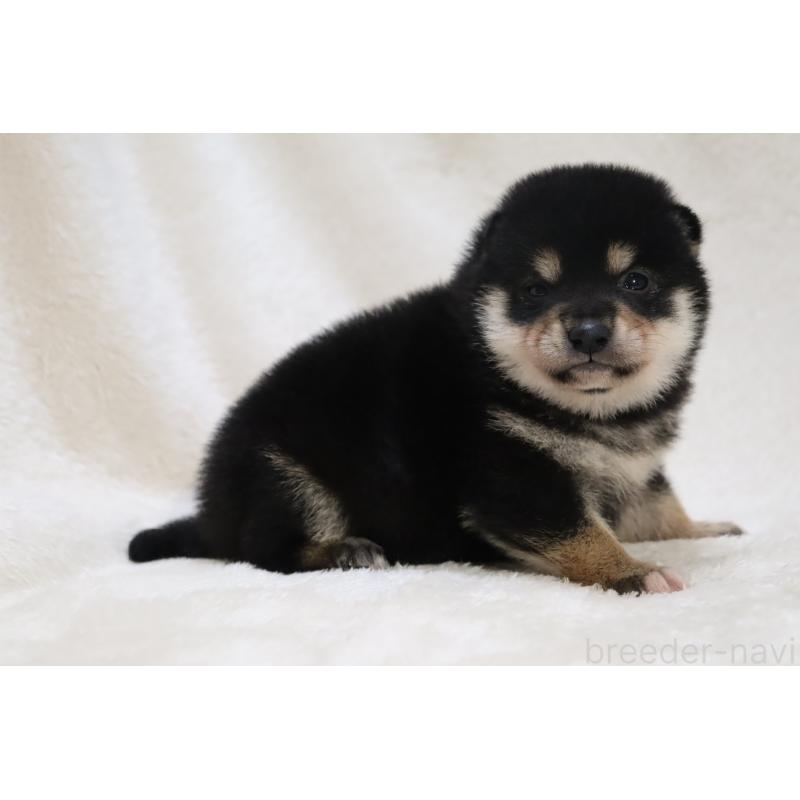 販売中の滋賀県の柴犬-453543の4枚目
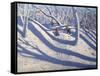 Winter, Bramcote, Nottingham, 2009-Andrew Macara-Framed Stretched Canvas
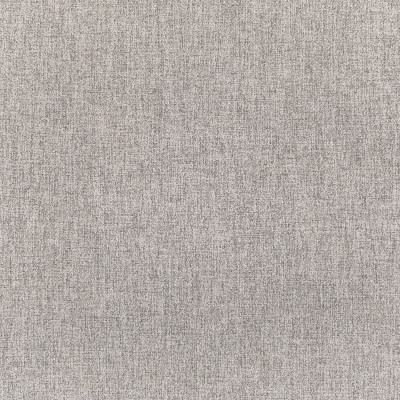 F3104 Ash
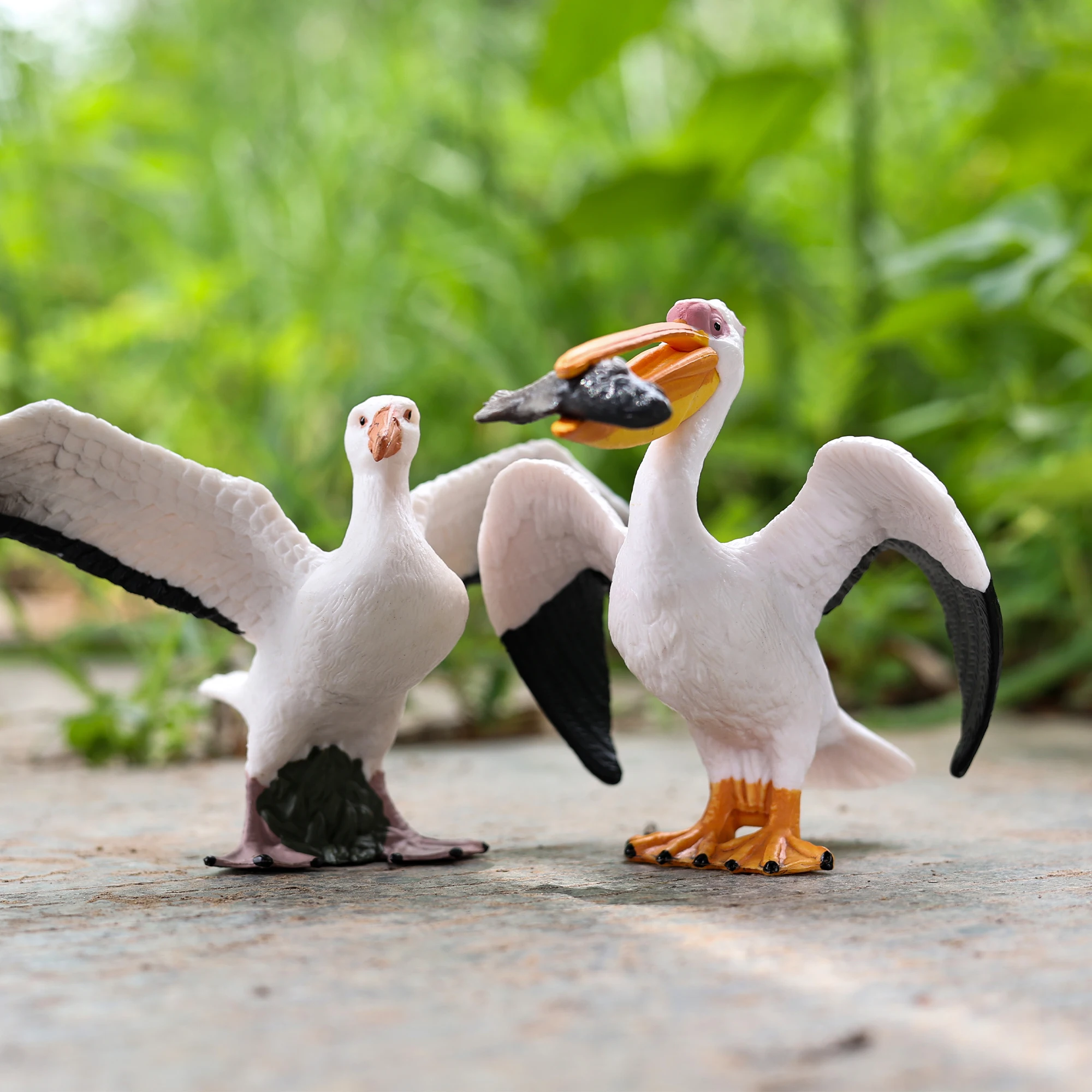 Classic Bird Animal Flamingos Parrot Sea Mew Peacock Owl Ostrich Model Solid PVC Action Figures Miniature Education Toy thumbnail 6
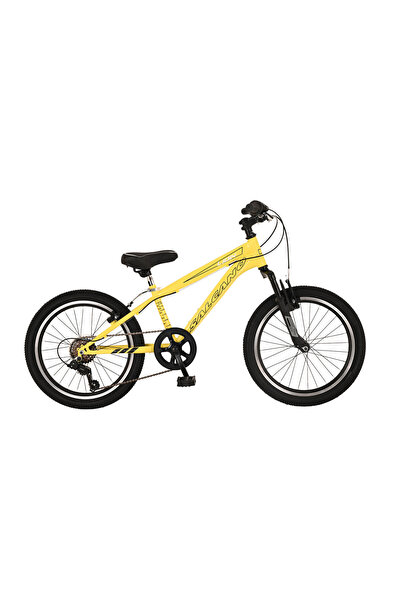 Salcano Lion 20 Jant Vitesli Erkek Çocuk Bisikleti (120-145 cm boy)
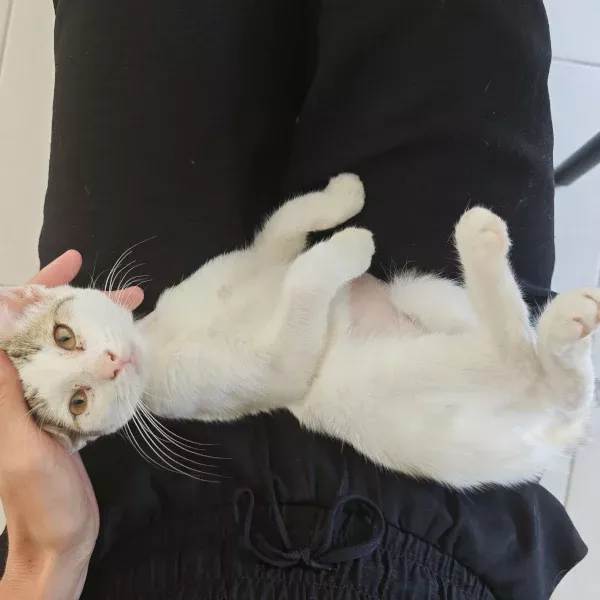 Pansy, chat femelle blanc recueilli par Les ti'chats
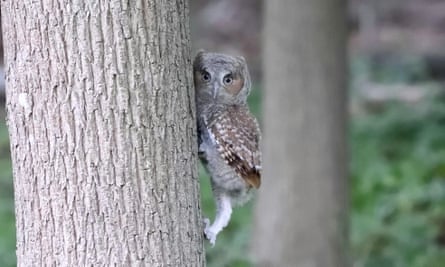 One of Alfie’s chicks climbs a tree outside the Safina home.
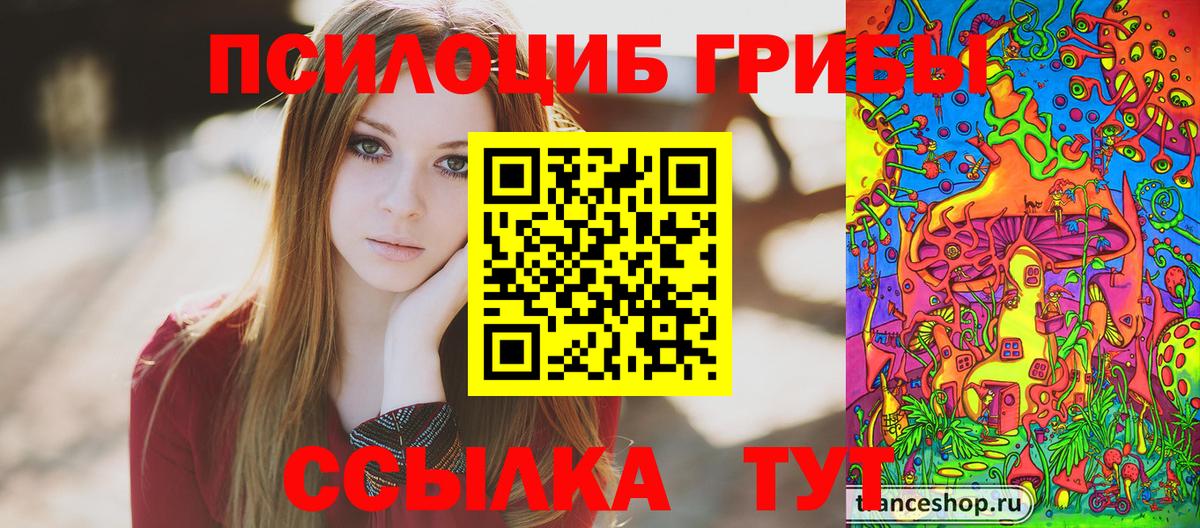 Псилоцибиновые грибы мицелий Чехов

What to produce: Would you output only the span of the records above that opens with the line containing "Classic Bird Animal" and closes with the line containing "One of Alfie’s", ends included and pictures dropped?

Task result:
 Classic Bird Animal Flamingos Parrot Sea Mew Peacock Owl Ostrich Model Solid PVC Action Figures Miniature Education Toy thumbnail 6
 Salcano Lion 20 Jant Vitesli Erkek Çocuk Bisikleti (120-145 cm boy)
 Pansy, chat femelle blanc recueilli par Les ti'chats
 One of Alfie’s chicks climbs a tree outside the Safina home.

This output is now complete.